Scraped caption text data
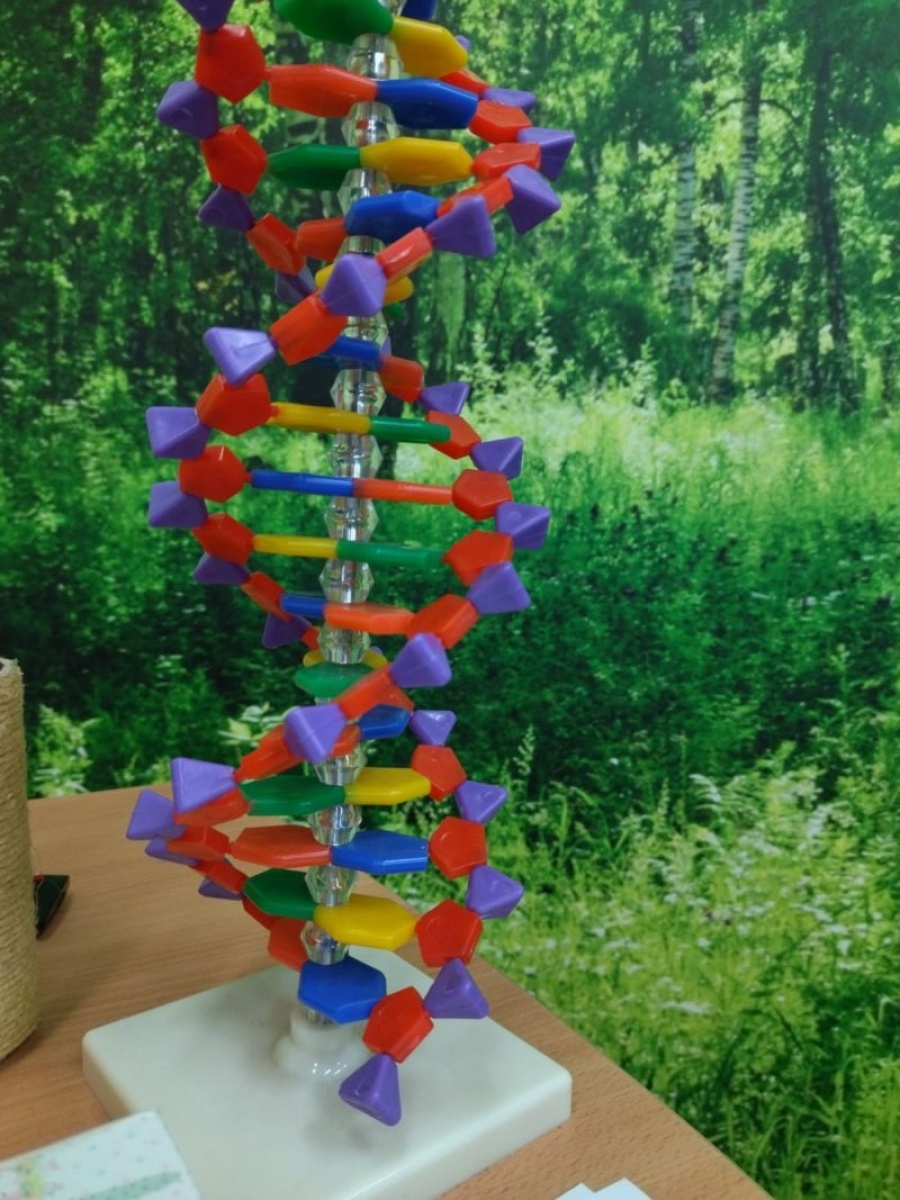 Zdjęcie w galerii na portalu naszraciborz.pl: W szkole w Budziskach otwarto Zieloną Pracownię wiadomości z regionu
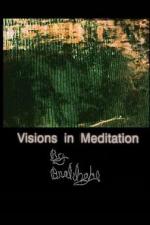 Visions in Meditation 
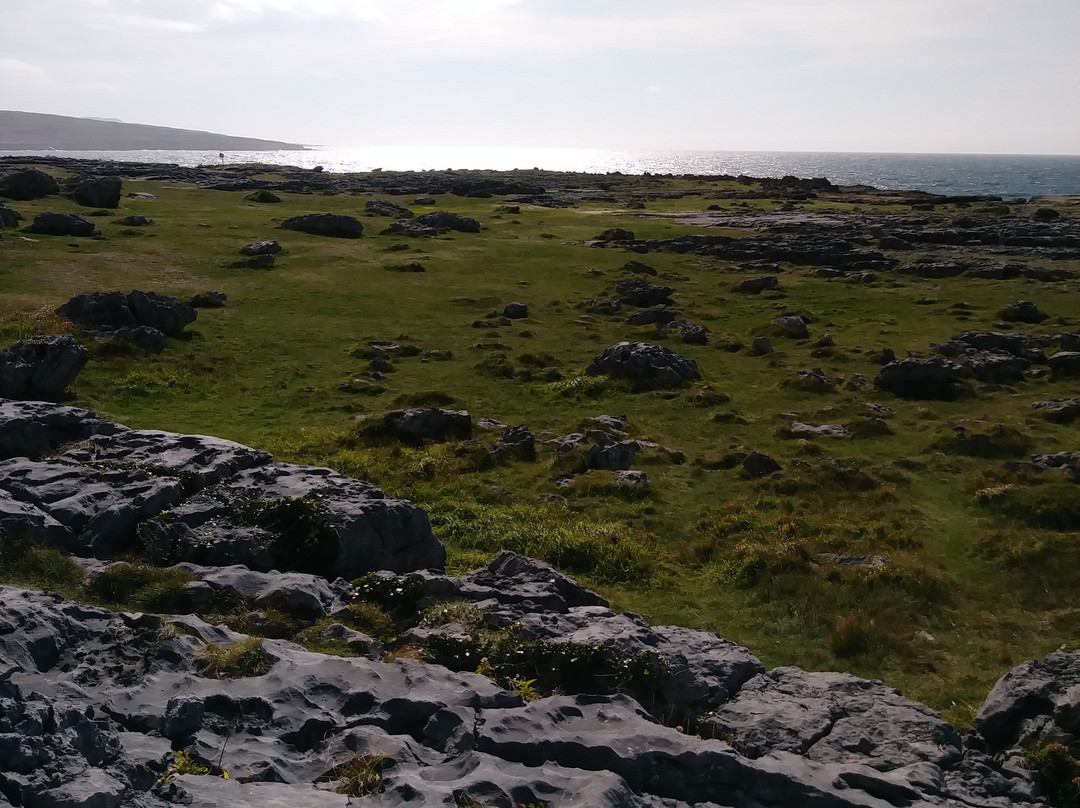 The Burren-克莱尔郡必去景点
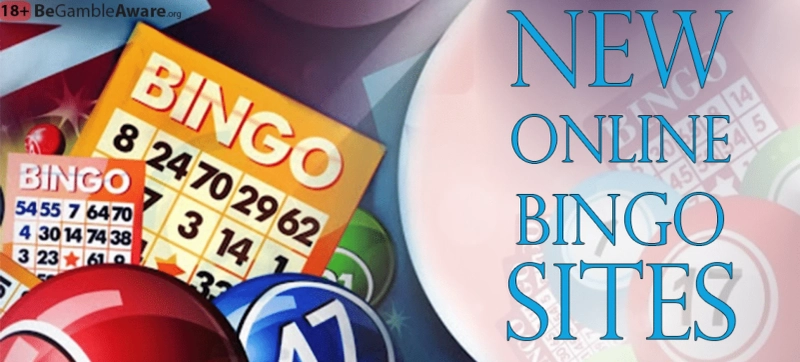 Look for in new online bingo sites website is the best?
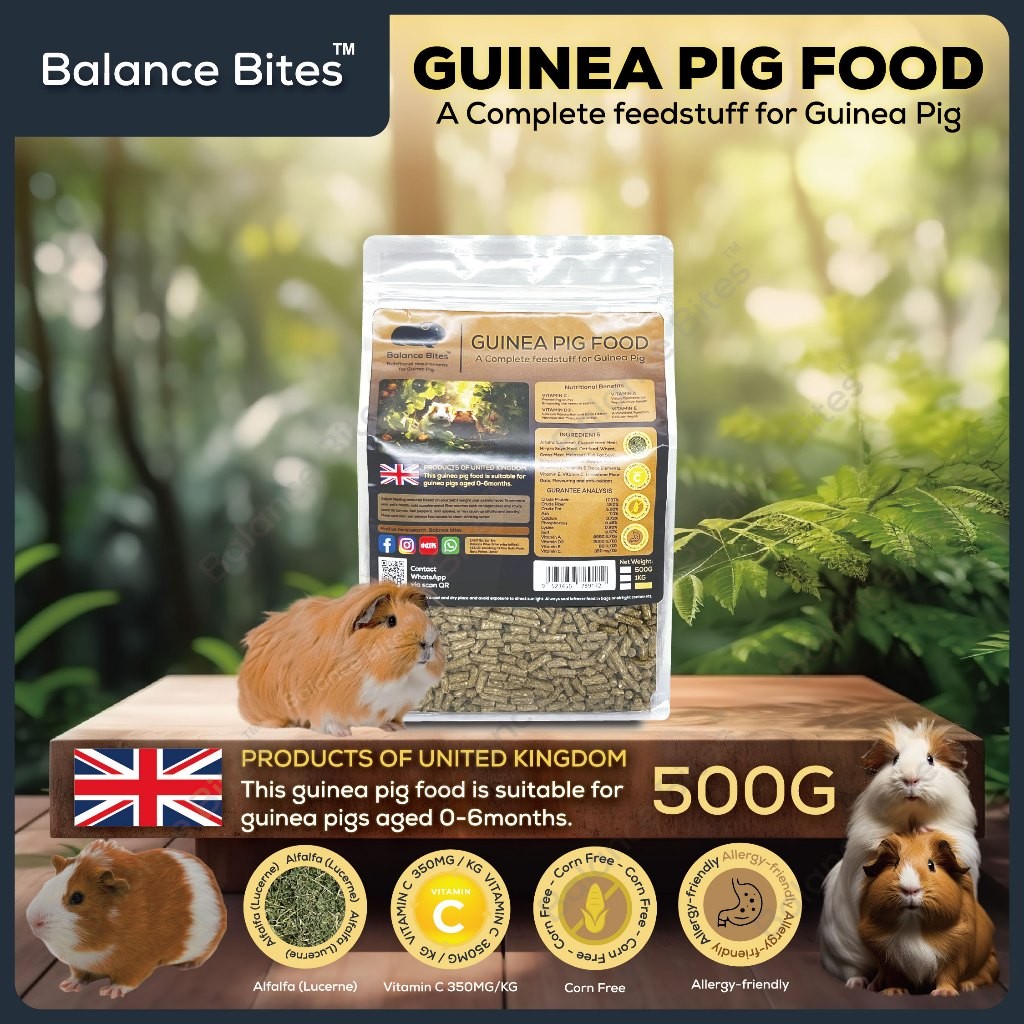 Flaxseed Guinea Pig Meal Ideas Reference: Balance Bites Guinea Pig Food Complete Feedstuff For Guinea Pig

Problem description: Please copy exactly the lines from the one containing "Look for in" through the last line of the records, both ends included, and leave out any pictures.

Solution:
 Look for in new online bingo sites website is the best?
 Flaxseed Guinea Pig Meal Ideas Reference: Balance Bites Guinea Pig Food Complete Feedstuff For Guinea Pig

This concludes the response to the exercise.